Zachary's Karate Class Network Analysis

# install.packages('igraphdata')
# install.packages('igraph')
library(igraph)
library(igraphdata)

Karate Dataset Description:

Social network between members of a university karate club, led by president John A. and karate instructor Mr. Hi (pseudonyms). The edge weights are the number of common activities the club members took part of. Zachary studied conflict and fission in this network, as the karate club was split into two separate clubs, after long disputes between two factions of the club, one led by John A., the other by Mr. Hi. The ‘Faction’ vertex attribute gives the faction memberships of the actors. After the split of the club, club members chose their new clubs based on their factions, except actor no. 9, who was in John A.’s faction but chose Mr. Hi’s club.

Loading Data

The karate dataset and other network data is included in the igraphdata package. To load in the karate data and look at other available datasets and their short summaries, type the following:

data(package = "igraphdata")
data(karate)

Next, let's take a closer look at the data and its features:

kar <- karate # shorting dataset name
kar # will print network data information, including edge and vertex attributes
head(kar) # look at matrix structure

V(kar) # names or labels of the vertices/ nodes
E(kar) # map of the connections or edges between vertices

gorder(kar) # number of vertices in network
gsize(kar) # number of edges in network

vertex_attr(kar) # Faction, name, label, color
edge_attr(kar) # weight

It looks like the data set contains 34 people (vertices/nodes) and maps 78 connections (edges) between them. There are two individuals who are names, Mr. Hi and John A, and the rest are labeled as "Actor" and then a number from 1 to 33. The listed vertex attributes are: Faction, name, label, and color. Color is the faction that the individual joined after the dichotomy while Faction is the sector that the individuals were originally a part of. Label is simply an abbreviation of the individual's name.

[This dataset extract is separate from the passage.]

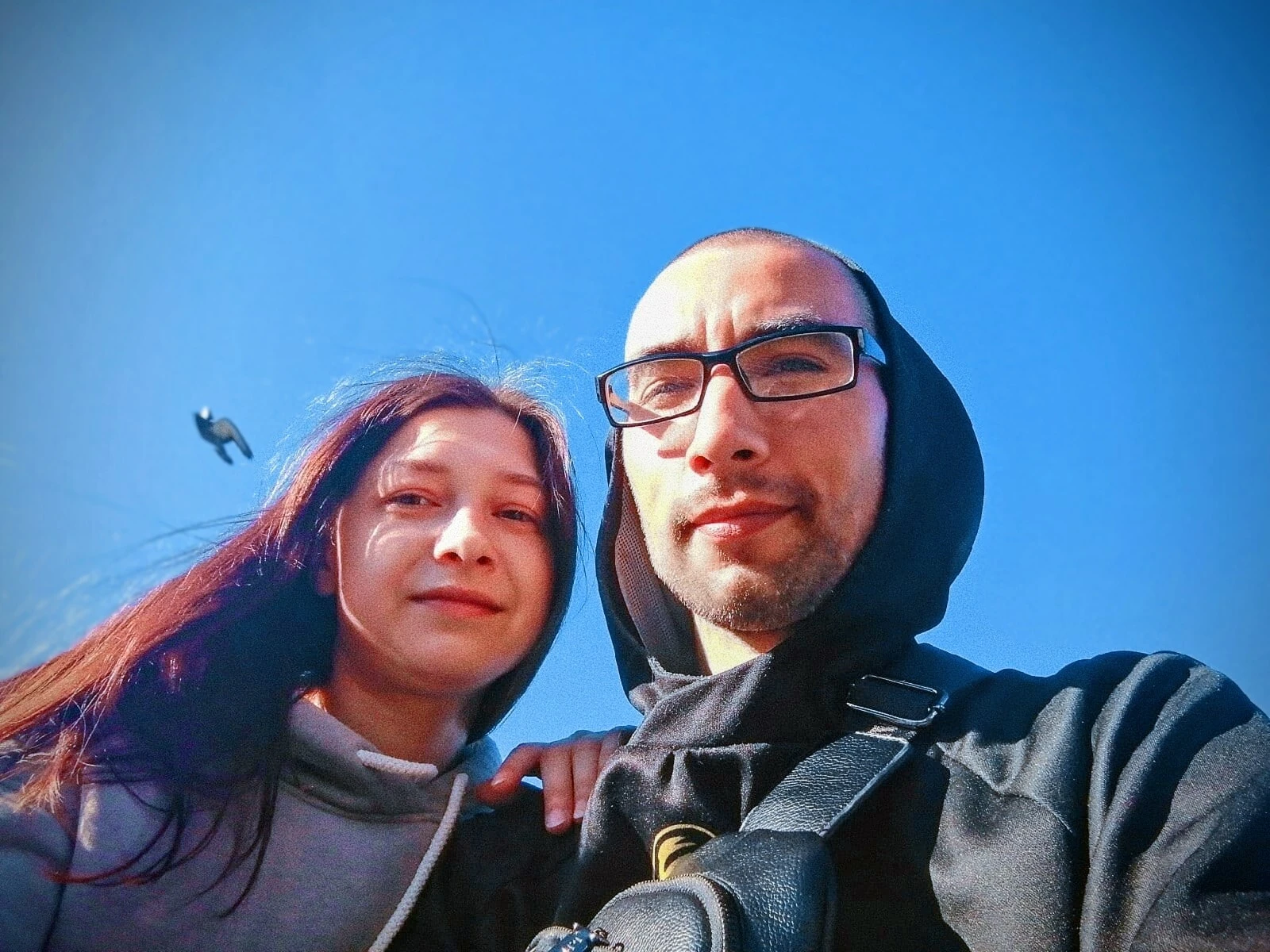 Валерия и Александр Гололобовы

Furthermore, the print out of the matrix show that entries have values greater than 1. This indicates that the data is weighted, meaning that the connection between any two nodes (aka vertices) is somehow measured in terms of its strength. From the summary above, we see that the edge attribute "weight" is measured by number of common activities the karate students participate in.

We can double check that the data is weighted with the following command:

is.weighted(kar) # TRUE

Exploratory Data Analysis:

Next, let's take a deeper look at some of the network data's features and statistical properties :

x <- neighbors(kar, "Mr Hi", mode=c("all")) # Mr.Hi's 'neighbors'
y <- neighbors(kar, "John A", mode=c("all")) # John A's 'neighbors'
intersection(x, y) # how many neighbors do the pair have in common?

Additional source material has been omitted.